Le consulenze alla società di cui si è amministratore e socio finiscono sotto la lente della Cassazione. In base all’articolo 109, comma 5, del Tuir, le spese e gli altri componenti negativi, sono deducibili – eccezion fatta per le ipotesi previste dalla medesima disposizione – se e nella misura in cui si riferiscono ad attività o beni da cui derivano ricavi o altri proventi che concorrono a formare il reddito o che non vi concorrono in quanto esclusi.
In merito alla portata di tale precetto, che consacra nel nostro ordinamento – ai fini della tassazione diretta – il principio della “inerenza” si registra un importante sviluppo giurisprudenziale, sia di merito sia di legittimità.

Antieconomicità

È in tale contesto che si inquadra un’interessante sentenza della sezione tributaria della Suprema corte (numero 20192 del 6 maggio 2022, depositata lo scorso 22 giugno), che affronta la questione del rispetto o meno del requisito dell’inerenza in relazione a determinati servizi consulenziali prestati a una società dal suo amministratore-socio tramite una sua “propria” ed ulteriore società “personale”.
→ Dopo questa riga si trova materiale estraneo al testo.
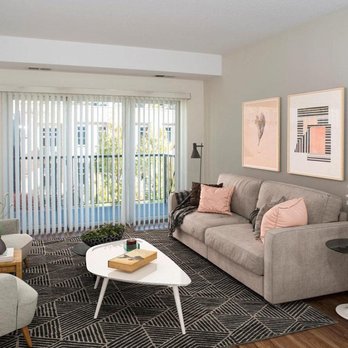 Third North Apartments - A living room with a grey couch, a white coffee table, and a black and white rug - Apartments Near Me - Minneapolis, Minnesota Third North Apartments - A living room with a grey couch, a white coffee table, and a black and white rug - Apartments Near Me - Minneapolis, Minnesota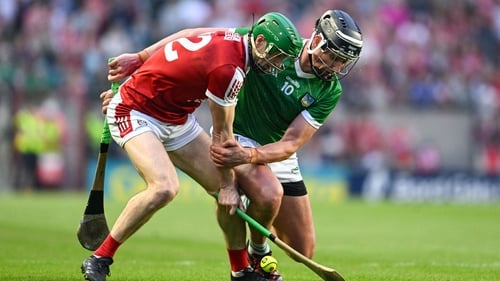 Cork's Seamus Harnedy (L) in action against Gearóid Hegarty during their Munster round-robin clash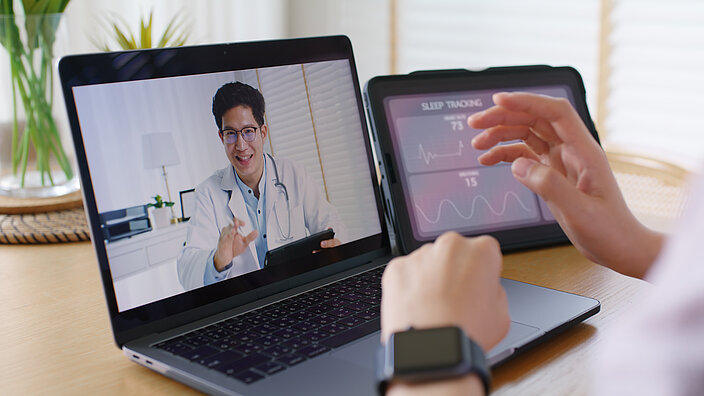 Telemedzinische Betreuung durch einen Arzt, der über einen Laptop dazugeschaltet ist.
Per i giudici di legittimità, in particolare, la “esternalizzazione” di attività consulenziali effettuate dalla stessa persona che rivesta anche la qualità di amministratore e socio della società destinataria di tali servizi, è sufficiente a ritenere antieconomico, e quindi, non inerente, il relativo costo. Tale conclusione appare irrobustita laddove – come è stato accertato nella fattispecie esaminata dai giudici di legittimità – non emergano giustificazioni sulla scelta di affidare ad un soggetto terzo una consulenza che viene svolta ed effettuata dal proprio socio-amministratore.

Il requisito dell’inerenza

La pronuncia in esame ribadisce, quindi, il principio che la presunta antieconomicità apre la strada a un rilievo fondato sulla carenza del requisito della inerenza: si tenga presente infatti che, a differenza di quanto avviene ai fini della detrazione dell’Iva, rispetto alla quale il concetto tende ad assumere una dimensione esclusivamente qualitativa, nelle imposte dirette l’antieconomicità di una spesa, ossia la sproporzione sul piano quantitativo, può costituire un significativo sintomo della non inerenza della stessa (Cassazione 30 maggio 2018, n. 13588).
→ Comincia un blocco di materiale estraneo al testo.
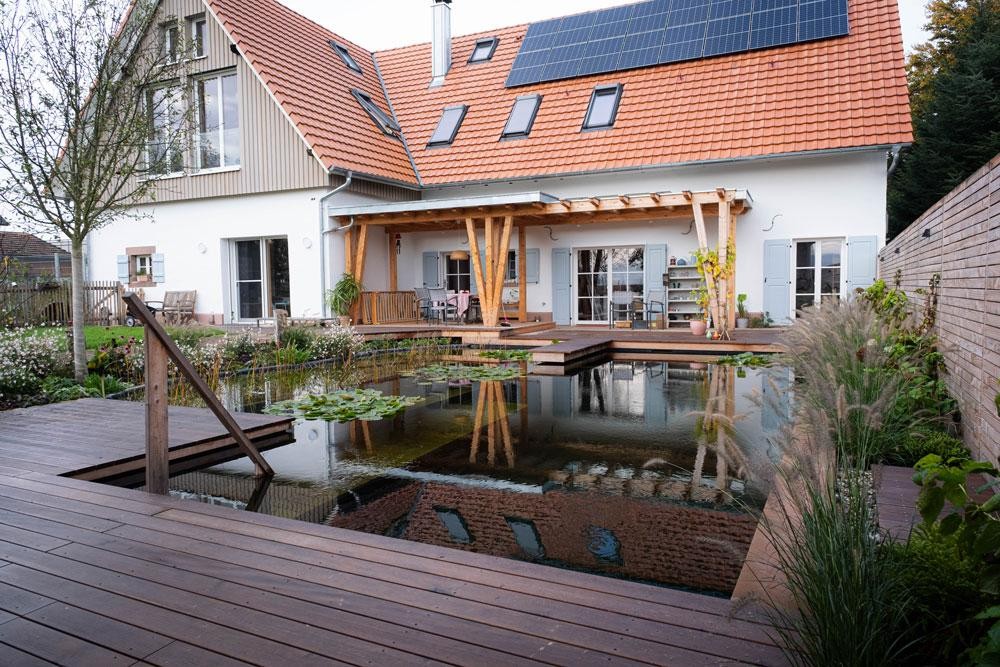 Naturpool mit Holzterrasse modernem Haus und Solardach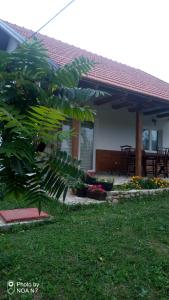 a house with a patio with a bunch of flowers at Nektar Park Villa Sara in Bihać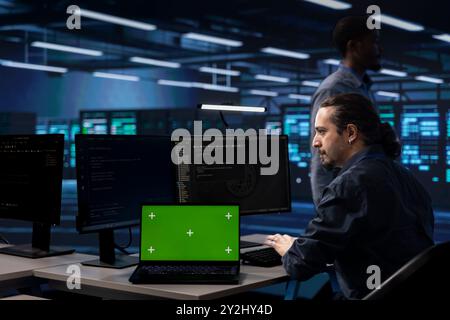 Admin in data center using isolated screen laptop to check for server performance issues. IT specialist in server hub fixing errors slowing down hardware using chroma key notebook Stock Photo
Ciò non toglie, peraltro, che debba essere comunque posta l’attenzione al consolidato orientamento della giurisprudenza di legittimità, secondo il quale il contribuente dev’essere comunque posto nelle condizioni di dimostrare l’inerenza del costo (Cassazione 2 febbraio 2021, n. 2224). Sotto questo profilo, occorre inoltre ricordare che per la Cassazione, ai fini delle imposte dirette il principio dell’inerenza esprime la riferibilità dei costi sostenuti all’attività d’impresa, anche in via indiretta, potenziale o in proiezione futura (ordinanza 13 luglio 2020, n. 14867).

L’inerenza dei costi all’attività d’impresa, quindi, attiene ad una relazione tra il costo e l’attività di impresa complessivamente intesa, indipendentemente da una esplicita correlazione a una precisa componente positiva di reddito (Cassazione 27 febbraio 2015, n. 4041; 22 dicembre 2016, n. 26749).